May countries in Asia-Pacific are expected to see no growth in 2020, the report said
Developing Asia will likely clock up its weakest growth in nearly six decades this year, the Asian Development Bank (ADB) said on Thursday, as measures to contain the contagious novel coronavirus hammer economic activity. Developing Asia, a group of 45 countries in the Asia-Pacific region, is expected to post growth of just 0.1 per cent in 2020, the ADB said in a supplement to its Asian Development Outlook report issued in April, the slowest pace since 1961, before growing 6.2 per cent next year. The updated forecasts show more damage to economies in developing Asia than estimates it released it April, which predicted 2.2 per cent growth for the region in 2020.
"Economies in Asia and the Pacific will continue to feel the blow of the COVID-19 pandemic this year even as lockdowns are slowly eased and select economic activities restart in a ‘new normal' scenario," ADB Chief Economist Yasuyuki Sawada said in a statement.

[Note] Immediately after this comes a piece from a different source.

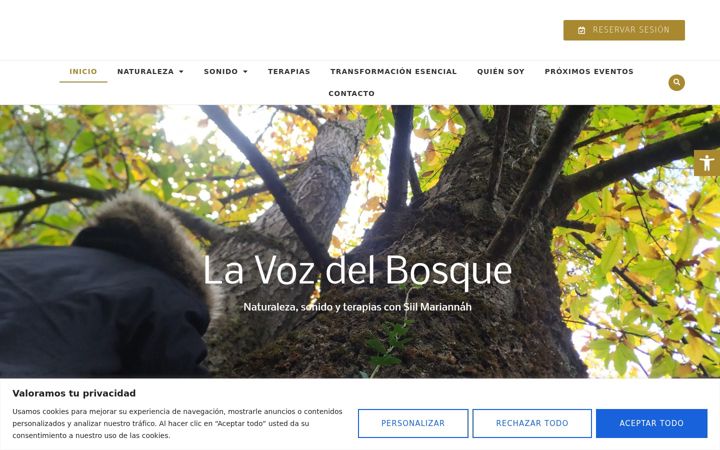 Screenshot of lavozdelbosque.com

"While we see a higher growth outlook for the region in 2021, this is mainly due to weak numbers this year, and this will not be a V-shaped recovery," Sawada said, as he underlined the need for governments to undertake measures to cushion the economic blow of the pandemic and prevent further waves of infections.
ADB's outlook for China this year also turned grimmer. It now expects growth in the world's second-largest economy to slow to 1.8 per cent from an earlier forecast of 2.3 per cent, with renewed escalation in US-China trade tensions also posing a downside risk.
Citing depressed demand and lower oil prices, the ADB said inflation for developing Asia will ease to 2.9 per cent for 2020, down from its 3.2 per cent forecast in April, and slow further to 2.4 per cent in 2021.